Autre perle mauricienne : Music for the soul de Hans Nayna. Si j’avais grimacé en entendant Mo lam, j’ai adoré le reste de son album. C’est aussi frais que vibrant. Les notes du violon, les cuivres, la batterie de l’excellent Christophe Bertin et la superbe voix du chanteur font un tout enchanteur. Chaque écoute de la chanson-titre me donne envie de courir en haut des marches du Philadelphia Museum of Art.

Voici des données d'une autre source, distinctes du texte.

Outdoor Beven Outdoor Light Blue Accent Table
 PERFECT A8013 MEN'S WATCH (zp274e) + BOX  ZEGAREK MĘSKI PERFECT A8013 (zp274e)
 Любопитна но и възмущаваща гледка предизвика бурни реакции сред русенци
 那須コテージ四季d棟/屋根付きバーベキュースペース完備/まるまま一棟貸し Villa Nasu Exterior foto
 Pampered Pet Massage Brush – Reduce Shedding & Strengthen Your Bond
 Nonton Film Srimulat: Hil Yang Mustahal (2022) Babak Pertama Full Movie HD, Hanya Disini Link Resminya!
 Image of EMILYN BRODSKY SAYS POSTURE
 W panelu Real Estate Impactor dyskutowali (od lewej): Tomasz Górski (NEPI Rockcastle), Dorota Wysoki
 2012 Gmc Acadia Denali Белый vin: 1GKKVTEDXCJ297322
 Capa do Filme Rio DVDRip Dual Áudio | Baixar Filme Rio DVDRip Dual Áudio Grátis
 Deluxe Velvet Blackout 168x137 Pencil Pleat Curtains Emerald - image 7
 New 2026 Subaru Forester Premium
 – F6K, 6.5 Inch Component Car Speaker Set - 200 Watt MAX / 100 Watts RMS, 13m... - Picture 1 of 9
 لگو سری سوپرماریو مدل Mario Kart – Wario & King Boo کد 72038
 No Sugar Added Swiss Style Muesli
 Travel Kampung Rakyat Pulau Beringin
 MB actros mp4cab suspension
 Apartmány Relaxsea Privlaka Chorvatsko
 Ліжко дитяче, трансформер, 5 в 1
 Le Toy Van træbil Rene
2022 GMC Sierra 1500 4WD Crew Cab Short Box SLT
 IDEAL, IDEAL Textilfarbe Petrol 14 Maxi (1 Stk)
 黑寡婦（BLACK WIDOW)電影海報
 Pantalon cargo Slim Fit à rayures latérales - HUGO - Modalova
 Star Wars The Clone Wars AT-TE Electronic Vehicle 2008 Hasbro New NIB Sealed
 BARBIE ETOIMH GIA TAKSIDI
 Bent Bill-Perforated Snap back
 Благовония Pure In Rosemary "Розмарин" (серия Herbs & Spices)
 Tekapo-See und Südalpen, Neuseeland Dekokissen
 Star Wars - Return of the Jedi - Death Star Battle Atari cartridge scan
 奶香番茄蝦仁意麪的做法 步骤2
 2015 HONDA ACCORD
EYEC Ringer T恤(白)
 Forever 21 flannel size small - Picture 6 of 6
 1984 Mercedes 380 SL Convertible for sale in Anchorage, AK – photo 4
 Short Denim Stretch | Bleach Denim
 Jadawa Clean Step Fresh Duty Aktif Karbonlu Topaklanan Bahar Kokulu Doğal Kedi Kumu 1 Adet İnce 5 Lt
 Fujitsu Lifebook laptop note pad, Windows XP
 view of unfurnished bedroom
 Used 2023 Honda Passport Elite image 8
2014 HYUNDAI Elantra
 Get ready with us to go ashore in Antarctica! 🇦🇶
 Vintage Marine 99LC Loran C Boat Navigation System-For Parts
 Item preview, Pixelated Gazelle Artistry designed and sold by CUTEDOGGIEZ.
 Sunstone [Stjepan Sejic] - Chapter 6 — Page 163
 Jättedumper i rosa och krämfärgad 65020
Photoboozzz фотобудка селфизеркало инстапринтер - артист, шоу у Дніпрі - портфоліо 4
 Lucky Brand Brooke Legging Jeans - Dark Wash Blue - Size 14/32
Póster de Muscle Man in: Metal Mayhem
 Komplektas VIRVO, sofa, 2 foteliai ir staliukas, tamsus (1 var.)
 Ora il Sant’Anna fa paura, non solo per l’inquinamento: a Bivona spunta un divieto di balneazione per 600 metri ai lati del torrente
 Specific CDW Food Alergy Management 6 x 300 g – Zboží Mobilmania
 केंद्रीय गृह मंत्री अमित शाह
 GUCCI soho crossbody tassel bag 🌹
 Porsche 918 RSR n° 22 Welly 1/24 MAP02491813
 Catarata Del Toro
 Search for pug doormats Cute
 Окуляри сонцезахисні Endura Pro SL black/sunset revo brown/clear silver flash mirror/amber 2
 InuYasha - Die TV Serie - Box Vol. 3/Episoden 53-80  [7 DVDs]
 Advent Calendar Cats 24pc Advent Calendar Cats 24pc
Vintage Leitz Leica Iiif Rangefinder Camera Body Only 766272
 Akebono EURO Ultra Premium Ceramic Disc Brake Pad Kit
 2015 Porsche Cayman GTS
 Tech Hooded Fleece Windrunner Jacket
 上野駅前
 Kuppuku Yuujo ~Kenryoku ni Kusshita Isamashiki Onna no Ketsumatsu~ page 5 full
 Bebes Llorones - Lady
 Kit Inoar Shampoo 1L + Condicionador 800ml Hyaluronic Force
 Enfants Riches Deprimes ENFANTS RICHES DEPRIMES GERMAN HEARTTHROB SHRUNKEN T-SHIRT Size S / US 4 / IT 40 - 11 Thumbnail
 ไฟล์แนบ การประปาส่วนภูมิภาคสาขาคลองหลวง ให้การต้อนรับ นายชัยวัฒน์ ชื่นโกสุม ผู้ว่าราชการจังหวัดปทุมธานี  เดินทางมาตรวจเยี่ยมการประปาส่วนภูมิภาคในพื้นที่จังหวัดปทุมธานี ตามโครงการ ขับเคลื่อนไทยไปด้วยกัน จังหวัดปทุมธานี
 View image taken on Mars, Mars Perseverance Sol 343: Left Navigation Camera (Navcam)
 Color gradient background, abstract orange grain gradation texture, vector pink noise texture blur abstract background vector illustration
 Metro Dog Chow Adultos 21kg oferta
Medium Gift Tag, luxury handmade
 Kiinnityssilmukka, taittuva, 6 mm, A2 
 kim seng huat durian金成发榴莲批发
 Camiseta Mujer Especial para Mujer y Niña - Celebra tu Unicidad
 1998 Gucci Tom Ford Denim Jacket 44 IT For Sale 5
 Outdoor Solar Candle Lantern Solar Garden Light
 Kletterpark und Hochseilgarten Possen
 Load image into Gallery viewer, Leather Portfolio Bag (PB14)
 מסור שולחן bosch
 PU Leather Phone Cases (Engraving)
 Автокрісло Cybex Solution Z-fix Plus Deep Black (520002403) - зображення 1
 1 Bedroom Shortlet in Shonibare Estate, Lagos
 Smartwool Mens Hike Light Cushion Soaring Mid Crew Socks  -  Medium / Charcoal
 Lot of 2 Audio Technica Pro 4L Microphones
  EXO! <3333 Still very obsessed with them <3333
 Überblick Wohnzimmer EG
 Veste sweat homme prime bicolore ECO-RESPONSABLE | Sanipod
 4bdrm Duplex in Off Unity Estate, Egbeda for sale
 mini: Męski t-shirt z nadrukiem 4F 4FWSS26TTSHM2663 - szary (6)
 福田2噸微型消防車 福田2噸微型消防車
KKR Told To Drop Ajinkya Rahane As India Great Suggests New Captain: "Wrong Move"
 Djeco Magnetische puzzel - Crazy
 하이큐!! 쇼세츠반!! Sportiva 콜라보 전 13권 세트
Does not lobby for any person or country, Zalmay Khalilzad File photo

Music for the soul me plaît car j’ai le sentiment que Hans Nayna fait la musique qu’il aime sans trop se poser de question.

Le 10 janvier, le jour de la mort de David Bowie, The Last Shadow Puppets publiait sur YouTube le clip de Bad Habits à paraître sur leur second album. Je suis sorti de ma détresse grâce à la virilité effrénée de ce nouveau titre du duo endiablé. J’ai été moins enthousiaste à la première écoute du reste d’Everything that you’ve come to expect – il me semblait difficile de faire mieux que The Age of Understatement. Ensuite l’album s’est lentement, mais sûrement fait sa place dans mon cœur. J’ai finalement été conquis par ces ambiances romantico-baroques. C’est simple : Everything that you’ve come to expect est mon album préféré de 2016.

La chanson-titre est un bijou. Used to be my girl est un savant mélange de disco et de rock & roll. Et The Dream Synopsis, cette chanson de crooner tellement glamour clôture l’album avec romantisme. Déjà fan d’Alex Turner – je considère Arctic Monkeys comme l’un des meilleurs groupes de rock du moment – Everything that you’ve come to expect l’a définitivement placé au premier rang de mon panthéon musical. Sur leur EP The Dream Synopsis sorti plus tard dans l’année, The Last Shadow Puppets a repris (avec une classe inégalable) Is this that you wanted de Leonard Cohen ; pendant quelques-uns de ses concerts, le groupe a adapté Moonage Daydream de David Bowie. La boucle est bouclée.